Ever since the Daewoo Evanda came out almost fifteen years ago, I’ve been somewhat slightly intrigued by it. There’s something off-beat about the Evanda, as it often appears under a multitude of aliases depending of where it has been sold, and when, but never truly taking a name as its own.
To begin with, it’s most authentically a Daewoo V200, replacing the V100 that was sold under the Leganza name. The V200 was sold as the Daewoo Magnus on its home turf, and when they were shipped to Western European ports, the name Evanda was applied on the trunklids. On North American markets, it was either the American Suzuki Verona or the Canadian Chevrolet Epica, the latter echoing its 2006 replacement (sold as the Daewoo Tosca in South Korea), but as Daewoo was even further integrated under General Motors, the Chevrolet badges were applied on the cars even in Europe.
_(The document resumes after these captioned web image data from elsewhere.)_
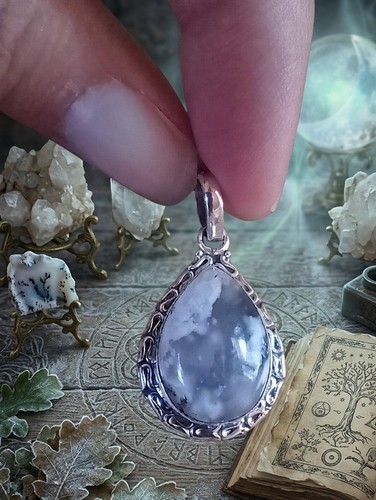 Pendentif opale dendritique - pendentif,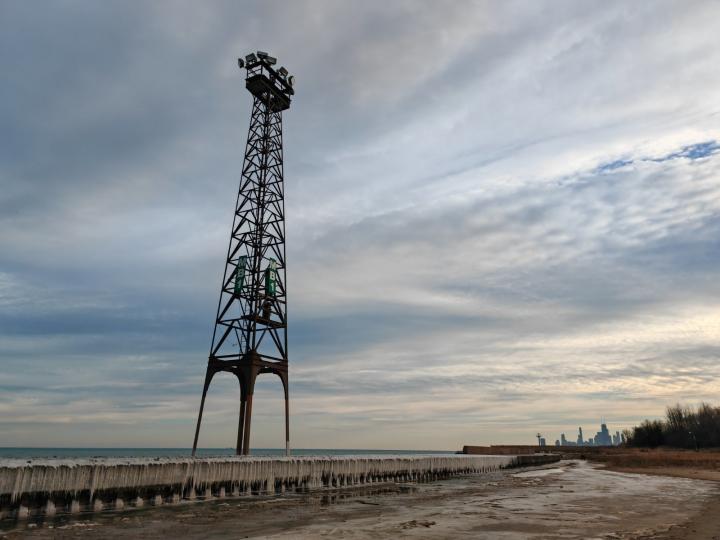 Montrose Beach pier | United States, Illinois, Montrose Beach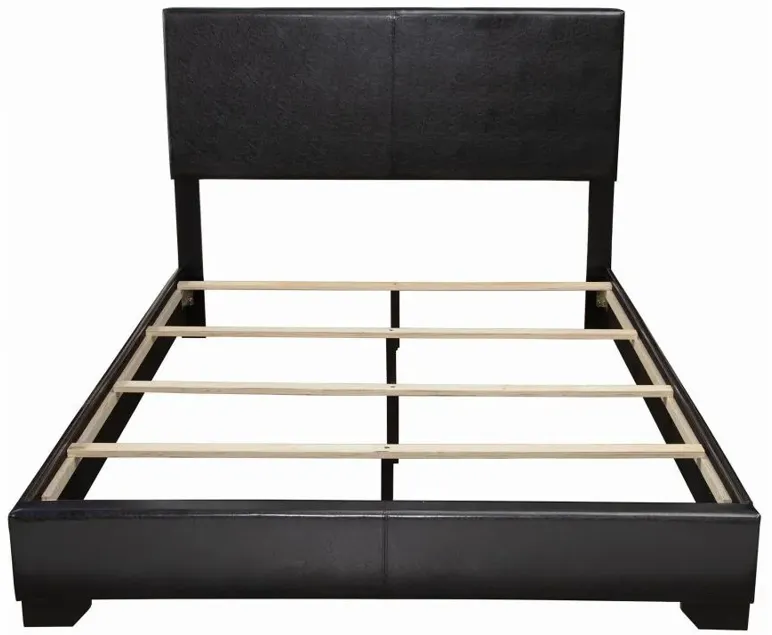 Conner Full Upholstered Panel Bed Black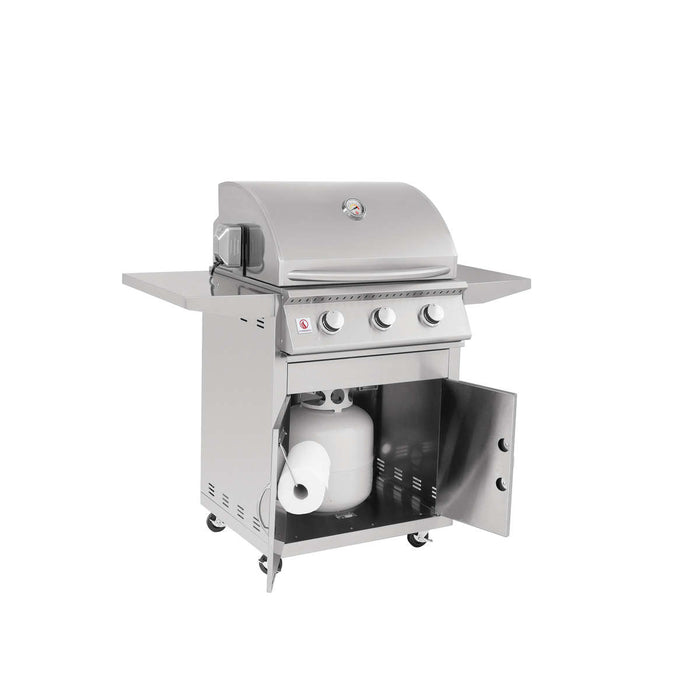 Summerset SIZ26-CART-SIZ26 Sizzler Series Gas Grill On Cart, 26-Inch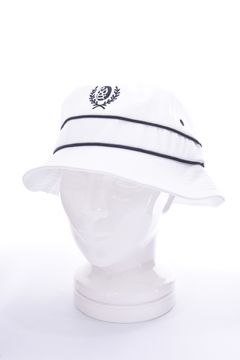 EMBLEM BUCKET HAT / エンブレム型 ルチャ刺繍 バケットハット ホワイト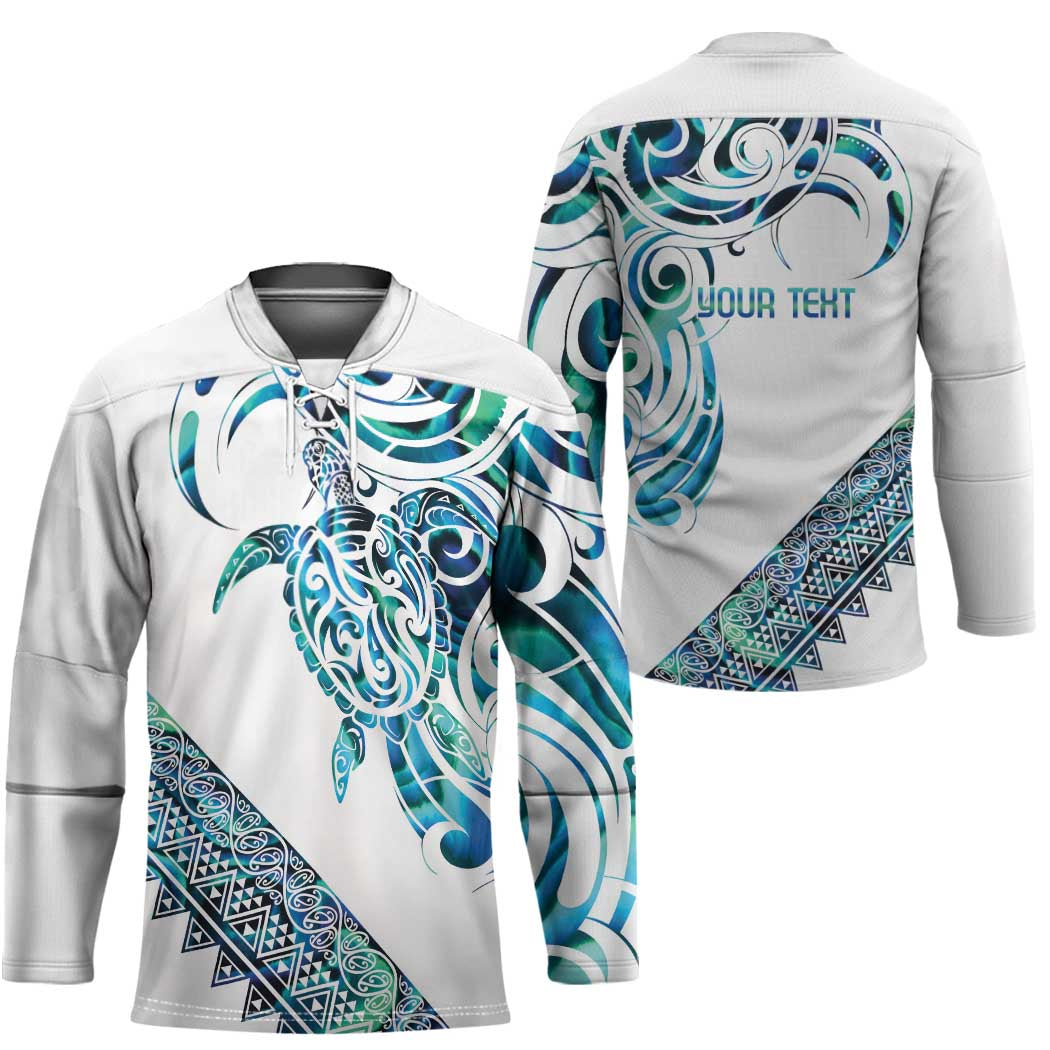 Kahui Whetu Paua shell Kowhaiwhai Taniko Personalised Hockey Jersey Turtle Tattoo Maori Tribal Style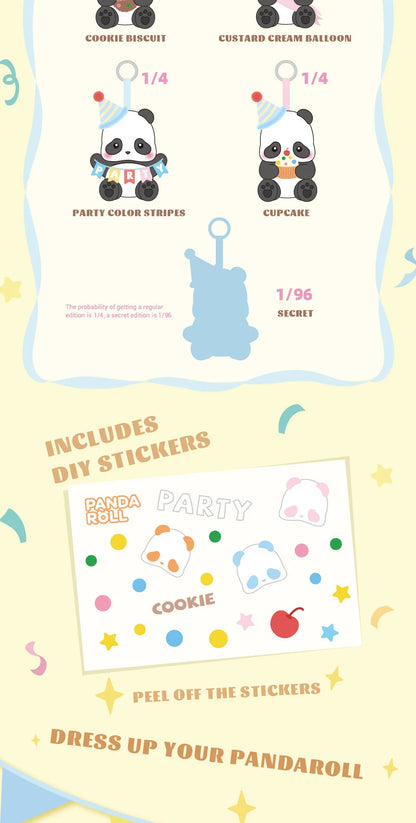 PANDA ROLL PARTY PLUSH TOY BLIND BOX - Đồ chơi bông gấu trúc (Hộp mù) - 52TOYS
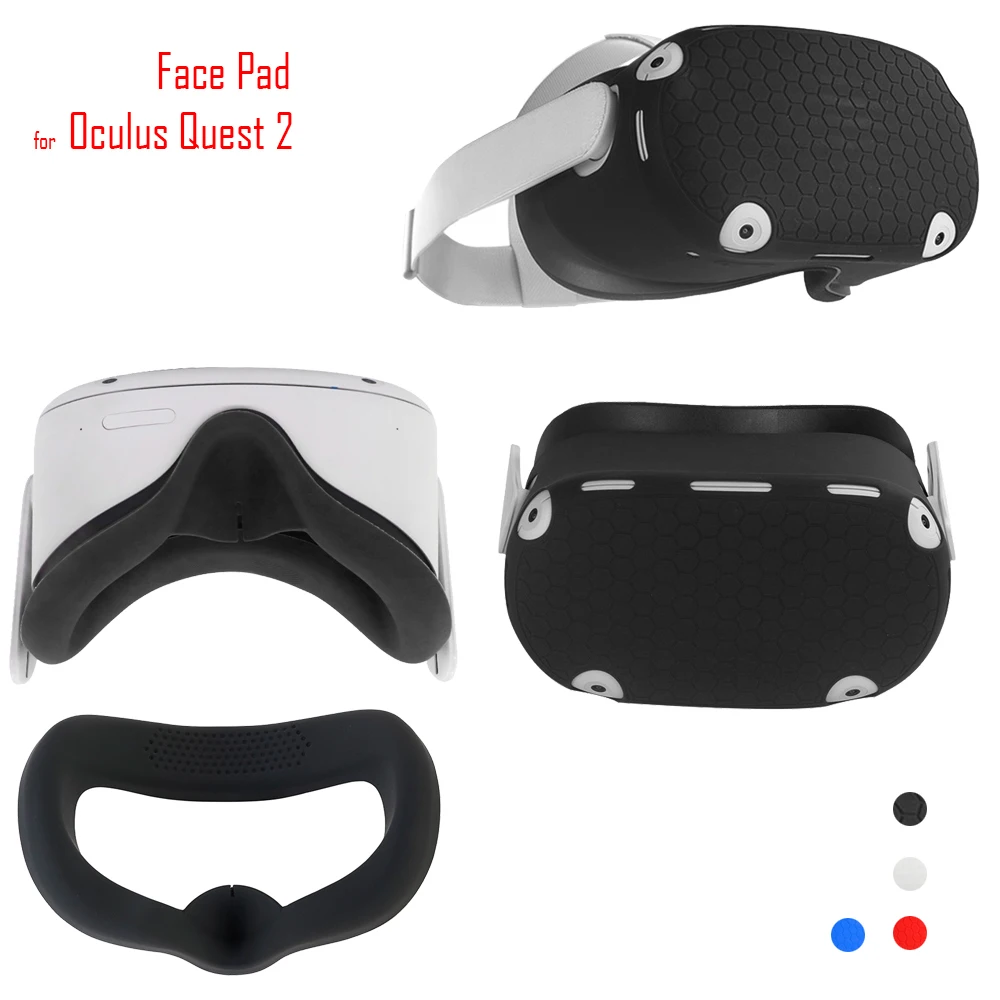 Vr Helmet Protective Front Cover For Oculus Quest 2 Silicone Antithrow Protection Shell For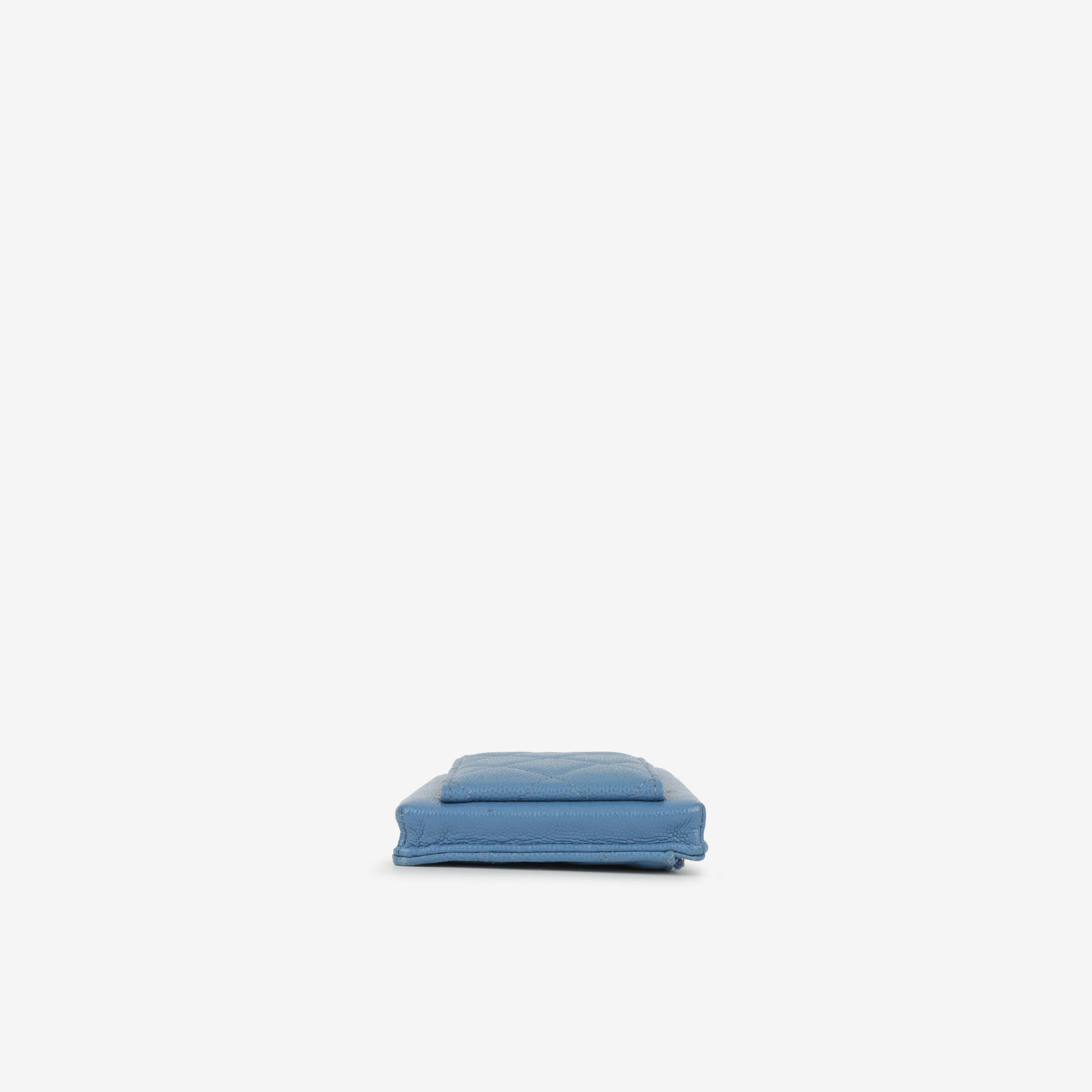 Chanel CC Phone Holder -  Blue Caviar | Champagne Gold Hardware - Image 5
So, this is what you could have ended up getting in 2004: a Daewoo which says GM Daewoo under the bonnet and has a Daewoo steering wheel, but Chevrolet badges on the outside. It’s an anti-car really, a non-brand, and despite having been designed by Italdesign’s Giorgetto Giugiaro like its predecessor, it appears perfectly anonymous. And that might be the thing I like most about it, there’s no badge burden on it if you just snip off the golden bowties. And since I found a little used ten-year-old example for sale locally, I really wanted to finally try one. Especially since it’s brown.